Weight is the force generated by the gravitational attraction of the earth on the airplane.We are more familiar with weight than with the other forces acting on an airplane, because each of us have our own weight which we can measure every morning on the bathroom scale. We know when one thing is heavy an when another thing is light. But weight, the gravitational force, is fundamentally different from the aerodynamics forces. lift and drag. are mechanical forces and the airplane has to be in physical contact with the the air which generates the force. The gravitational force is a field force; the source of the force does not have to be in physical contact with the object to generate a pull on the object.


Drag is a mechanical force. It is generated by the interaction and contact of a solid body with a fluid (liquid or gas). It is not generated by a force field, in the sense of a gravitational field or an electromagnetic field, where one object can affect another object without being in physical contact. For drag to be generated, the solid body must be in contact with the fluid. If there is no fluid, there is no drag. Drag is generated by the difference in velocity between the solid object and the fluid. There must be motion between the object and the fluid. If there is no motion, there is no drag. It makes no difference whether the object moves through a static fluid or whether the fluid moves past a static solid object.

Drag is a force and is therefore a vector quantity having both a magnitude and a direction. Drag acts in a direction that is opposite to the motion of the aircraft. Lift acts perpendicular to the motion. There are many factors that affect the magnitude of the drag. Many of the factors also affect lift but there are some factors that are unique to aircraft drag.


Thrust is the force which moves an aircraft through the air. Thrust is used to overcome the drag of an airplane, and to overcome the weight of a rocket. Thrust is generated by the engines of the aircraft through some kind of propulsion system.
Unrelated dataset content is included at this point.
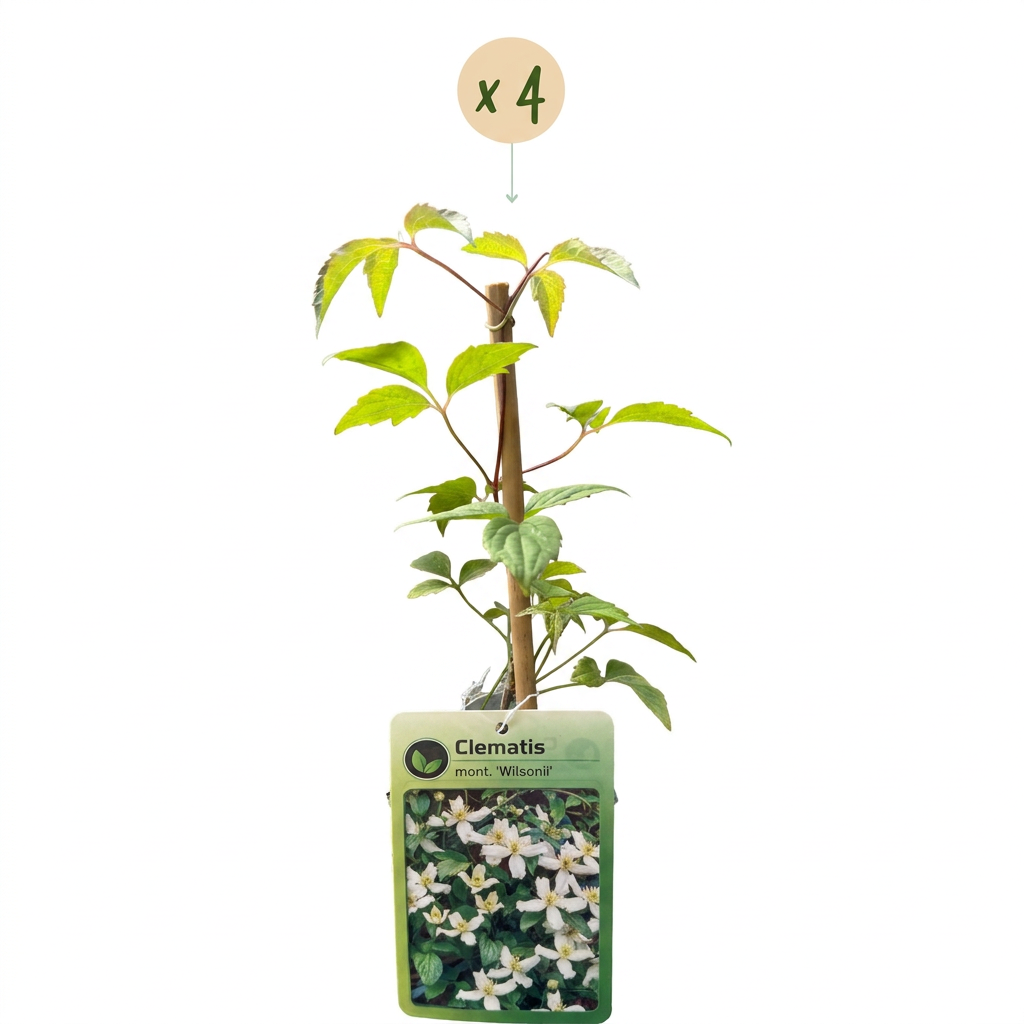 Clematis montana 'Wilsonii' (bosrank) – wit – 4 planten, Ø9 cm, 35 cm hoog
Thrust is a mechanical force, so the propulsion system must be in physical contact with a working fluid to produce thrust. Thrust is generated most often through the reaction of accelerating a mass of gas. Since thrust is a force, it is a vector quantity having both a magnitude and a direction. The engine does work on the gas and accelerates the gas to the rear of the engine; the thrust is generated in the opposite direction from the accelerated gas. The magnitude of the thrust depends on the amount of gas that is accelerated and on the difference in velocity of the gas through the engine.